Samuel Adams sparked the flame of the American Revolution

More than his cousin John Adams, Samuel Adams stirred anti-Crown sentiment among the colonists that helped the American Revolution take root. 

"The Revolutionary: Samuel Adams," by Stacy Schiff; Little, Brown; 432 pp.

Back in 1765, the Boston Gazette ran a section of a scene from Shakespeare’s “Henry VIII” in which King Henry is shocked to learn about a heavy new tax his subjects are struggling to pay. “Why, we take/From every tree lop, bark, and part o’ th’ timber,/And though we leave it with a root, thus hacked,/The air will drink the sap.” The Gazette included a note pointing out that when it came to crippling taxes, King Henry was far outdone by King George III and all the taxes and fines he’d placed on the American Colonies. 

John Adams read that Gazette piece with a bit of surprise, since he’d just recently been thinking about that same Shakespeare passage, and here it was in the paper. As Pulitzer Prize-winning author Stacy Schiff notes in her latest book “The Revolutionary: Samuel Adams,” this surprise had an ironic element: “The coincidence left John marveling anew at hidden machinery and mysterious influences,” she writes. “He recognized neither the jovial tone, the easy erudition, nor the pseudonym of his cousin Samuel.”

Although time and popular culture (not to mention a hugely popular book by the late David McCullough) have made John Adams one of the brightest stars of the American Revolution, neither King George III nor any of the revolutionaries themselves would have given John Adams precedence over his cousin Samuel. John Adams, Thomas Jefferson, and the rest fanned the flames of Colonial resentment in the face of Crown oppression, but it was Samuel Adams, years before, who’d done the leg work, talking with ordinary working people, convincing the populace that no reconciliation with Britain was possible. “Adams banked on the sage deliberations of a band of hard-working farmers reasoning their way toward rebellion,” Schiff writes. 

Samuel Adams was naturally fitted for such a grassroots approach.

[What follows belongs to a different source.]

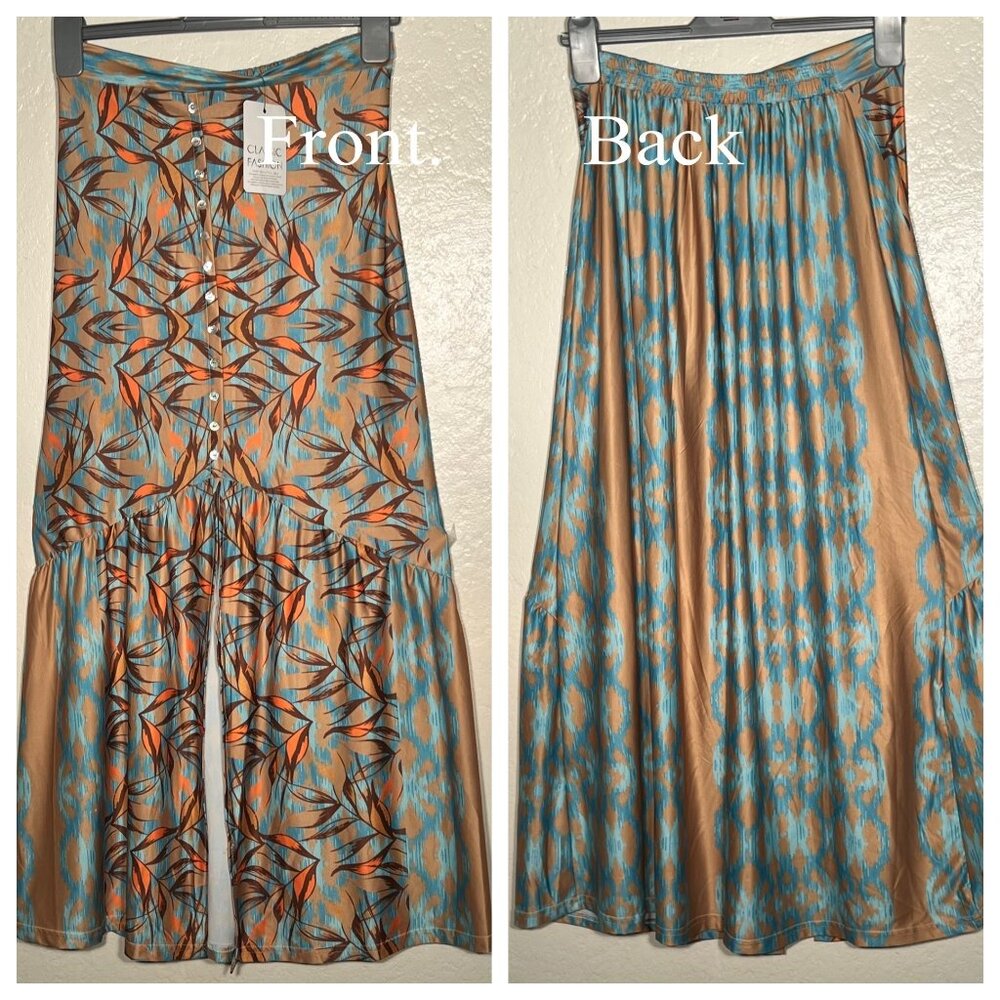 C Dear Colorful Boho Chic Maxi Pull-on Tiered Skirt Office Career Elastic NWT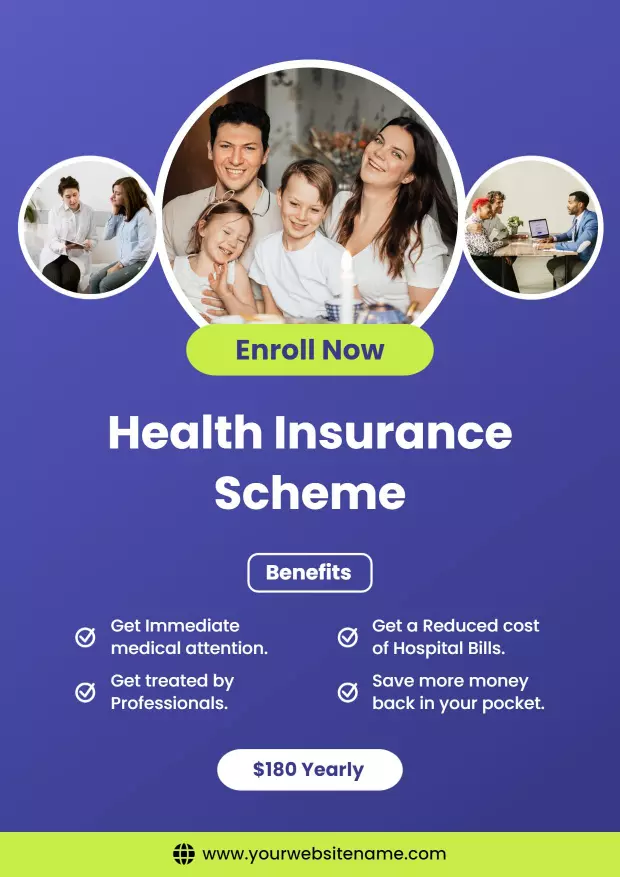 Family Health Insurance Enrollment A4 Flyer Template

Born in Boston in 1722 and educated at Harvard College under the scornful eyes of much wealthier students, Adams began his public life by moving from one failure to the next. He was unsuccessful as a malster, business owner, and tax collector, and financially inept enough to need the charity of his fellow townspeople, who willingly gave it.  

It was only when he turned to politics that Adams discovered his true genius. In the 1760s he became increasingly active in his opposition to the cumulative taxing of the Colonies by the British Parliament. He talked with countless merchants and wrote endlessly under a series of pseudonyms, constantly turning up the temperature of resentment and argumentation. 

It all came to a boil in the early 1770s when Adams was at the heart of two seminal events. On March 5, 1770, an angry mob converged around nine British soldiers near the Customs House in Boston. “The townspeople surged toward the jagged semicircle, pressing closely upon the redcoats, nearly impaling themselves,” Schiff writes. “A hat would not have fit between the soldiers and the civilians, too close to hurl anything but words – as they did, from every direction.” The soldiers fired on the crowd, killing three people instantly. Two more died later from their injuries. As Schiff notes, Adams seems to have been the first person to dub it a massacre – “a name that stuck.” 

The second important event occurred on Dec. 16, 1773, when a group of colonists dumped large amounts of tea into Boston Harbor to protest the Crown’s Tea Act. Adams was intimately involved in the planning and execution of the protest (and may have been present himself; Schiff assesses the admittedly tenuous evidence), and he expertly capitalized on the event’s instant notoriety. At every stage in the years leading up to the battles of Lexington and Concord, British forces from royal Gov. Thomas Hutchinson to the king himself were thoroughly outmaneuvered by a failed tax collector from Boston. 

Schiff traces these political cuts and thrusts with her customary skill and amazing readability; this is by far the most grippingly involving life of Samuel Adams ever written, charting the rise and flourishing of a key figure in the Revolution, a man who “refused to believe that prejudice and private interest would ultimately trample knowledge and benevolence,” as Schiff writes. “Self-government was in his view inseparable from governing the self; it demanded a certain asceticism.” 

After the war, Adams largely faded from public view (“as the revolutionary must after the revolution”) and died in 1803, honored by populace and politicians but, as Schiff points out, stubbornly difficult to understand. “We dust him off at unsettled times as the vicious demagogue rather than the decorous man of ideas,” she writes, “the street brawler rather than the cheerful champion of self-restraint, an old-fashioned Puritan rather than our earliest politician.” All of those facets of the man are beautifully captured in “The Revolutionary,” and if the facets don’t ever really cohere, well, it’s possible that all revolutions have such a riddle at their center.